The flight paths extending from the runways of Santa Monica and Los Angeles International Airports converge over the Pacific. That means the airports have to coordinate inbound and outbound flights in an elaborately choreographed dance. “We shuffle our cards into their deck,” Mr. Trimborn said.
That can lead to idling engines at Santa Monica that send exhaust out across Bundy Drive, the four-lane thoroughfare that separates the airport from the homes of Ms. Ernst and her neighbors, including the founder and director of Concerned Residents Against Airport Pollution, Martin Rubin. Mr. Rubin stood on the sidewalk the other day, pointing to nearby homes and speaking of cancer cases there that he says are tied to airport pollution.
But it is hard to link pollution to specific sources, said Philip M. Fine, manager of atmospheric measurements for the South Coast Air Quality Management District, the air pollution control agency for all or parts of four Southern California counties. Dr. Fine ran a recent study of air quality around Santa Monica Airport that was financed by a federal grant to measure toxins in the air around general aviation airports. The study, he said, found levels of lead and other toxins in the community around the airport here “well below” federal and state limits.
That is little comfort to the Rubin family and others who fault the study for not noting levels of acrolein, a harmful byproduct of jet fuel known to cause respiratory irritation.
“We’ve always had a nice westerly breeze here,” said Mr. Rubin’s wife, Joan. “But now the breeze brings the jet fumes in. They smell like kerosene and burn your throat.”

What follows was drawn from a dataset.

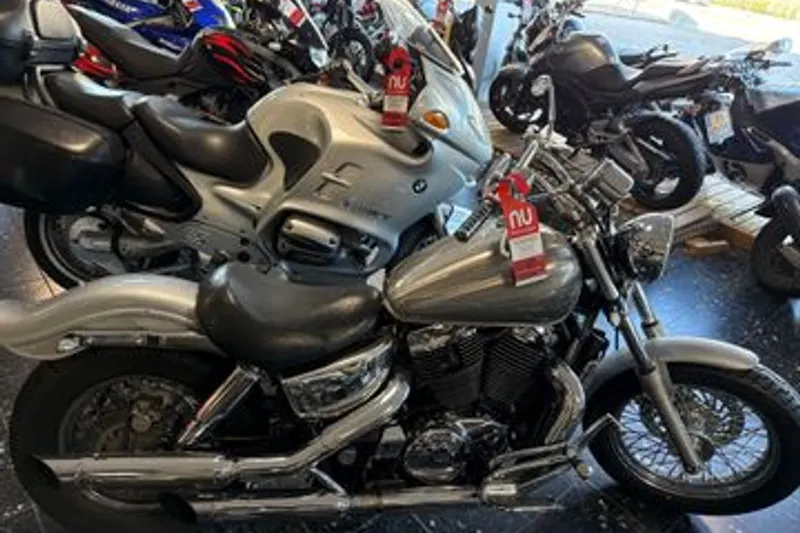 Honda VT 1100 C Shadow (1995)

Marc Carrel, deputy chief of staff for Representative Harman, is also skeptical, saying too little time passed between the boom in private-jet traffic and the study.
“It’s sick to say, but you need a long-term impact to see long-term effects,” Mr. Carrel said.
Mr. Trimborn, the airport’s manager, says he is not the bad guy. Citing the binding nature of the 1984 agreement, he said: “I try to be as open and honest as possible all the time with residents. If I tell someone this plane’s not going to fly over your house and then it does, they’ll be angry with me. But I don’t tell them that. They know I can’t control it.”
He pointed to a photograph, dated 1924, on his office wall. It showed a row of five Douglas World Cruisers, biplanes with exposed seats. Back then, neither local land-use planners nor anyone else “saw a Gulfstream IV flying out of Santa Monica and going to the East Coast,” he said.
“We’re dealing with development over many years,” Mr. Trimborn added. “So the dynamic between the airport and the community, that’s inescapable.”